Recorded data

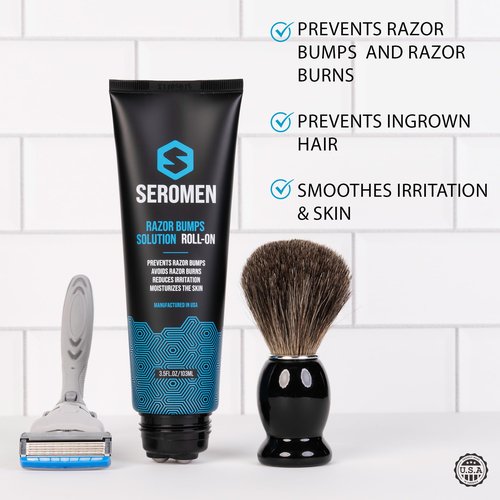 Seromen Razor Bump Treatment for Men - Ingrown Hair Treatment for Men - Face & Body After Shave & Razor Burn Treatment - Metal Roll On Soothes Skin & Calms Irritation (3.5fl.oz) Made in USA.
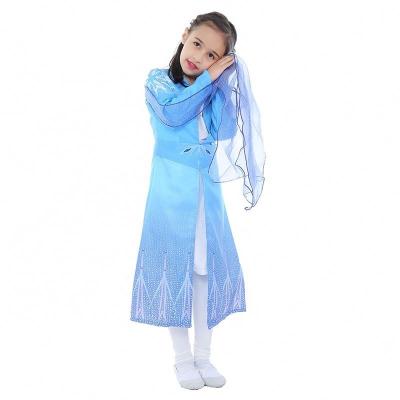 China New Breathable Cute Yarn Cosplay Elsa Girl Dress Cheap Net Blue Long Sleeve Dress for sale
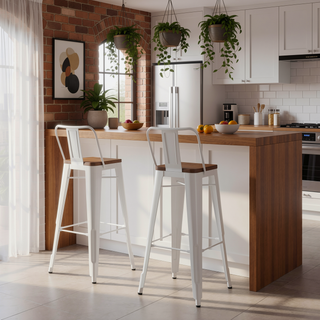 Sunvega White Metal and Wood Bar Stools with Curved Back and Footrest Set of 2
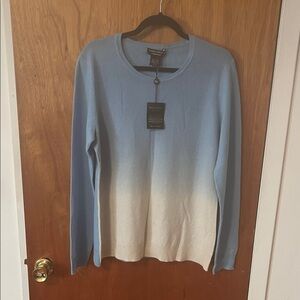 100% Cashmere Blue to Cream Gradient Sweater. Size XL. Brand New with Tag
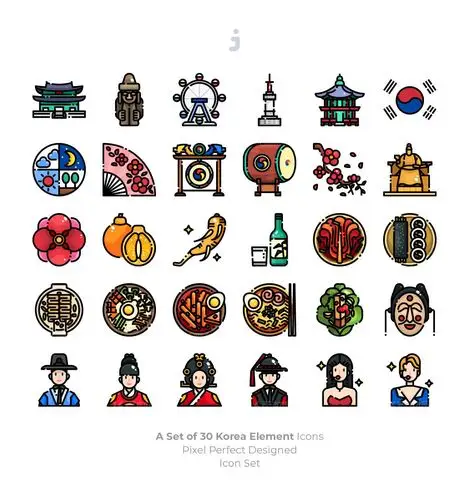 30枚韩国民族元素矢量图标16素材网精选素材30koreaelementicons
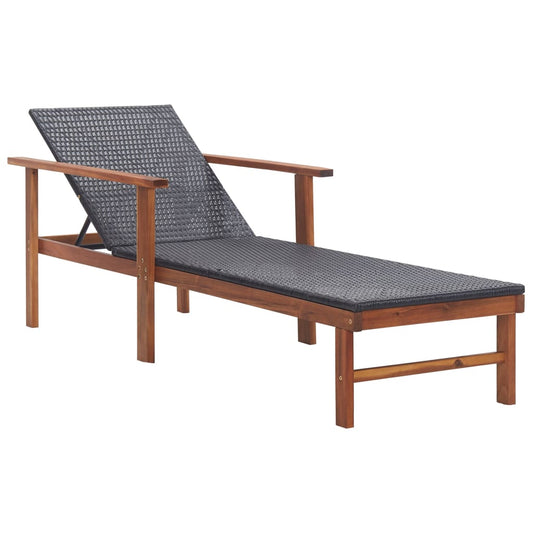 Elegant Black Sun Lounger | Poly Rattan & Acacia Wood Design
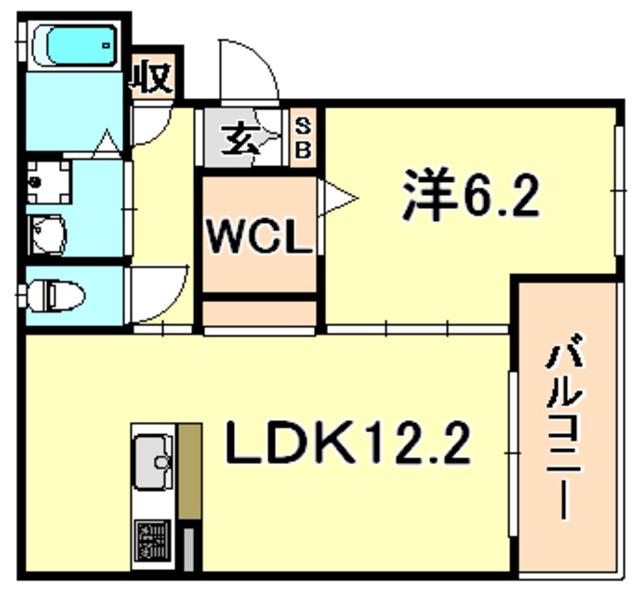 サニーウエル(1LDK/3階)の間取り写真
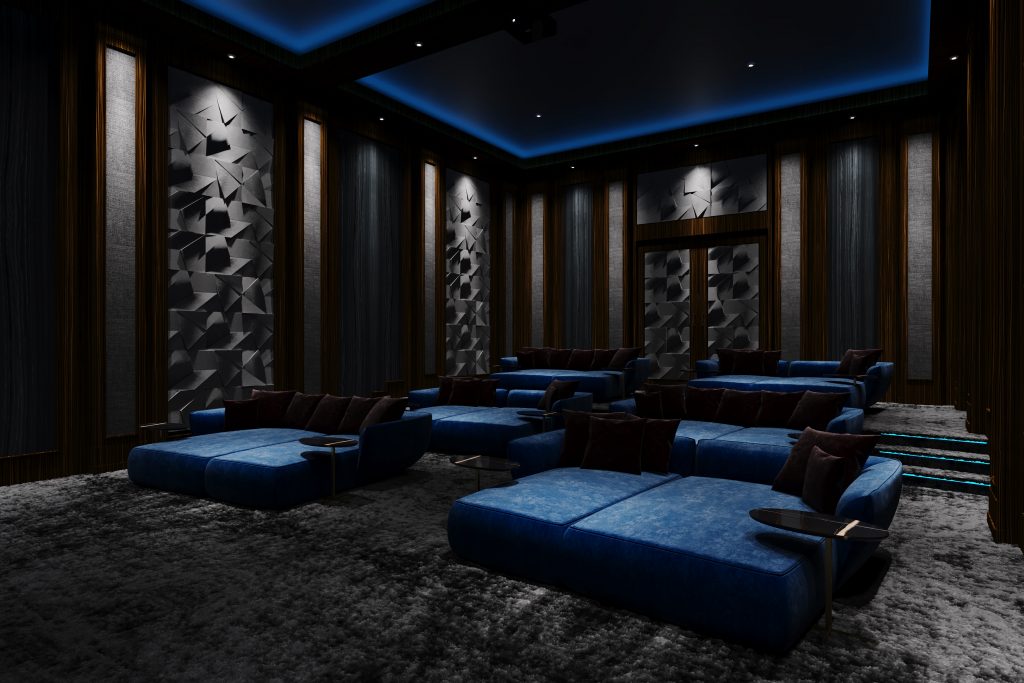 View of seating in home cinema system.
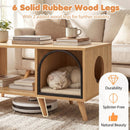 40 Inch Coffee Table Cat House 2-in-1 Wooden Kitten Furniture with Open Storage Shelf-Natural by LJGDeals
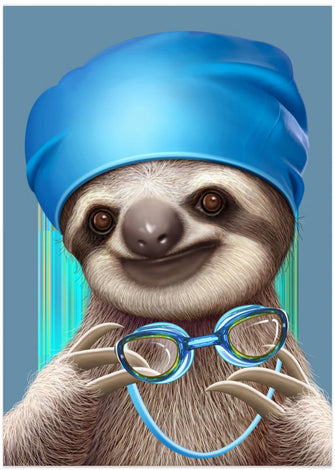 Canvas Art Print SLOTH WITH GOGGLES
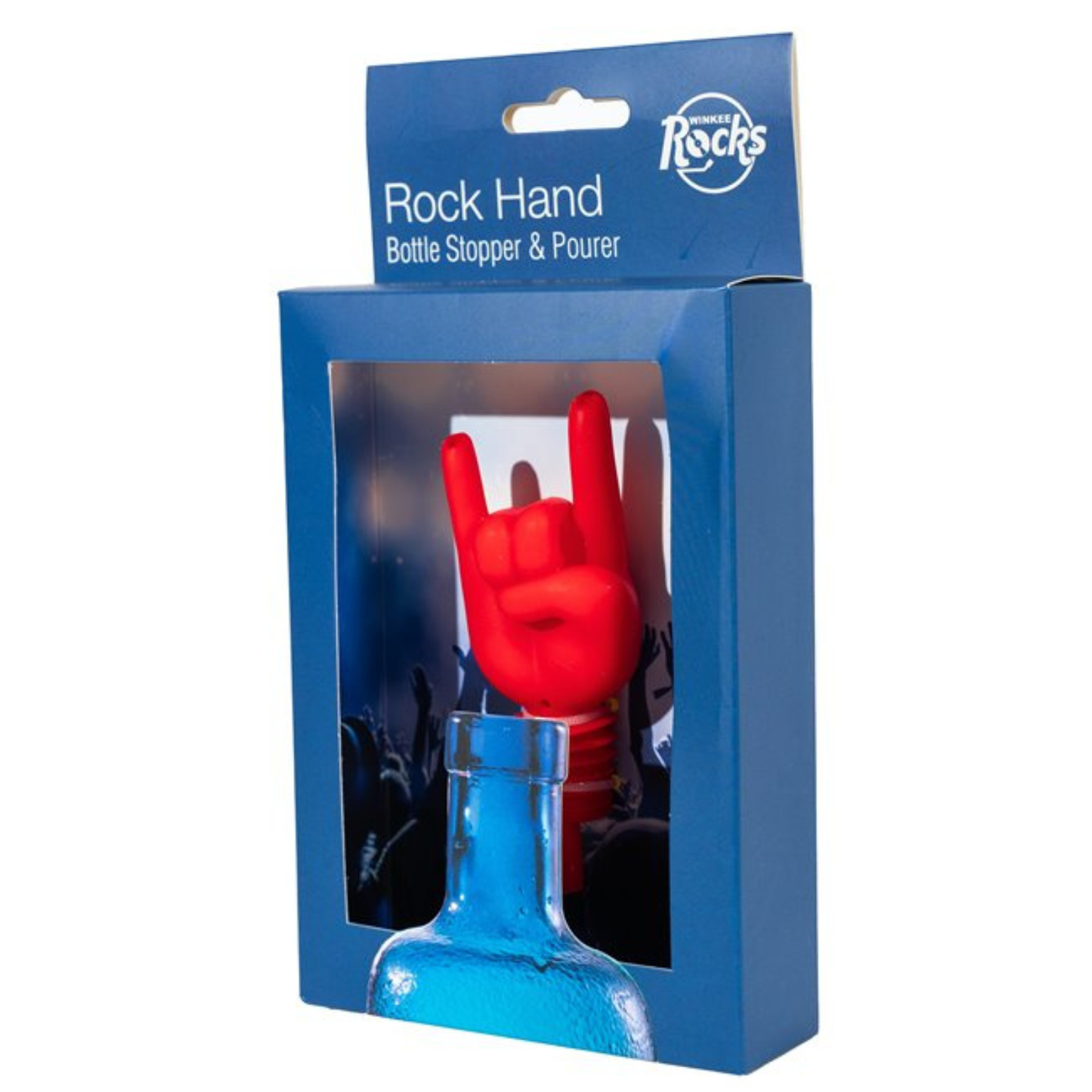 Rode schenktuit met twee schenktuiten in de vorm van een rockhand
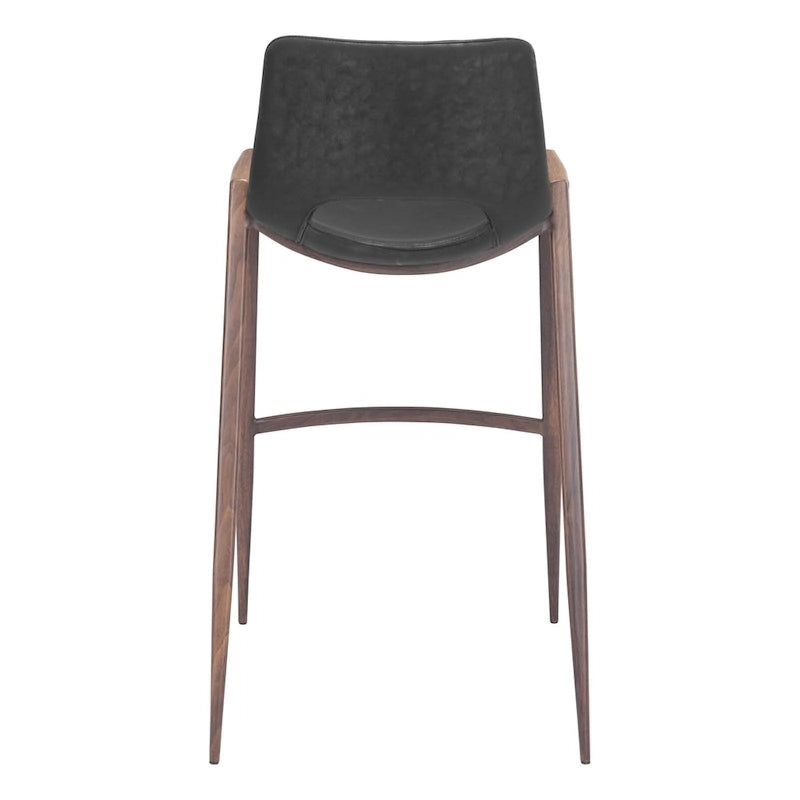 Sgabello da bar moderno di metà secolo, in vinile nero, finitura noce, struttura in acciaio resistente, sgabello da bar per cucina, sala da pranzo, altezza bancone, stile urbano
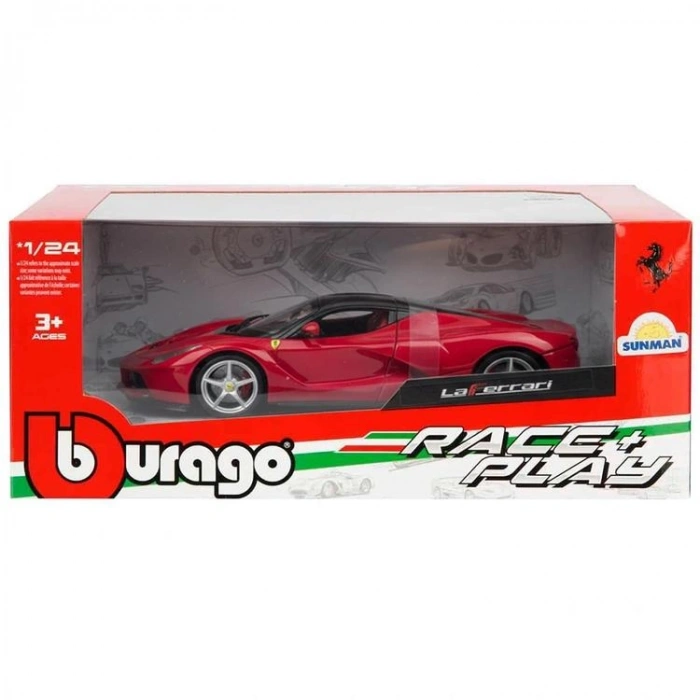 SUNMAN S00026001 1:24 BURAGO FERRARI LAFERRARI KUTULU TEKLİ ARAÇ +3
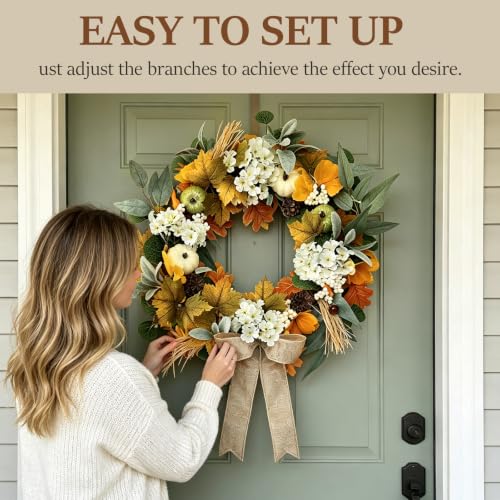 22 Inch Handmade Fall Pumpkin Wreath for Front Door and Porch Decor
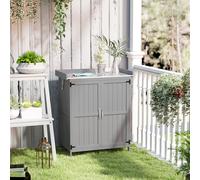 Outsunny Wooden Garden Storage Shed W/Hinged Roof And Shelf - Grey | TJ Hughes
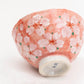 Ceramic bowl with cherry blossom design on a white background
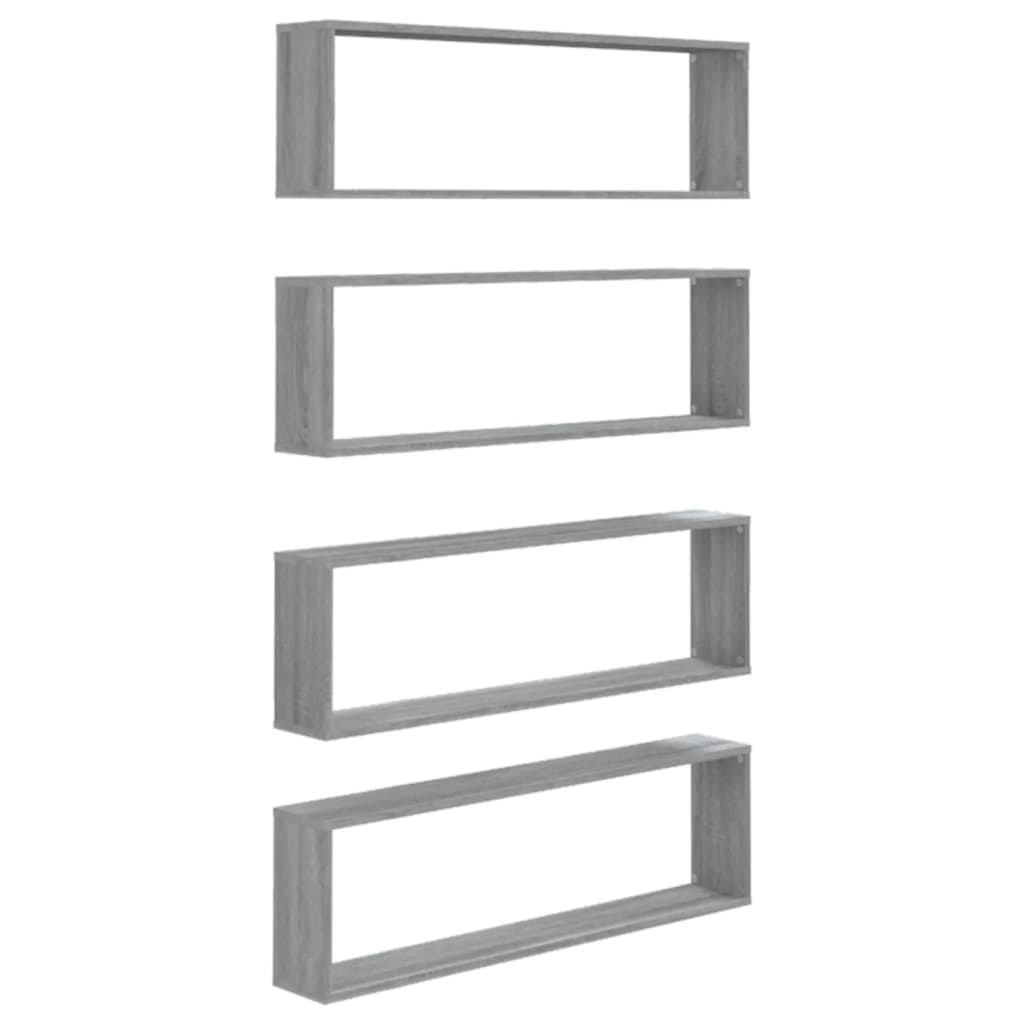 Mensole Cubo Muro 4pz Grigio Sonoma 100x15x30 Legno Multistrato | homemem39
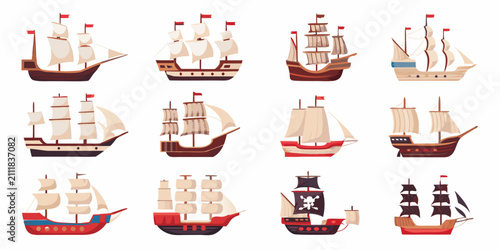 Canvastavla Historical Sailing Ships Collection Flat Vector Illustration On White Background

Exercise goal
Before writing out the material above, please remove its pictures; everything else stays exact.

Answer to the problem
 Seromen Razor Bump Treatment for Men - Ingrown Hair Treatment for Men - Face & Body After Shave & Razor Burn Treatment - Metal Roll On Soothes Skin & Calms Irritation (3.5fl.oz) Made in USA.
 China New Breathable Cute Yarn Cosplay Elsa Girl Dress Cheap Net Blue Long Sleeve Dress for sale
 Sunvega White Metal and Wood Bar Stools with Curved Back and Footrest Set of 2
 100% Cashmere Blue to Cream Gradient Sweater. Size XL. Brand New with Tag
 30枚韩国民族元素矢量图标16素材网精选素材30koreaelementicons
 Elegant Black Sun Lounger | Poly Rattan & Acacia Wood Design
 サニーウエル(1LDK/3階)の間取り写真
 View of seating in home cinema system.
 40 Inch Coffee Table Cat House 2-in-1 Wooden Kitten Furniture with Open Storage Shelf-Natural by LJGDeals
 Canvas Art Print SLOTH WITH GOGGLES
 Rode schenktuit met twee schenktuiten in de vorm van een rockhand
 Sgabello da bar moderno di metà secolo, in vinile nero, finitura noce, struttura in acciaio resistente, sgabello da bar per cucina, sala da pranzo, altezza bancone, stile urbano
 SUNMAN S00026001 1:24 BURAGO FERRARI LAFERRARI KUTULU TEKLİ ARAÇ +3
 22 Inch Handmade Fall Pumpkin Wreath for Front Door and Porch Decor
 Outsunny Wooden Garden Storage Shed W/Hinged Roof And Shelf - Grey | TJ Hughes
 Ceramic bowl with cherry blossom design on a white background
 Mensole Cubo Muro 4pz Grigio Sonoma 100x15x30 Legno Multistrato | homemem39
 Canvastavla Historical Sailing Ships Collection Flat Vector Illustration On White Background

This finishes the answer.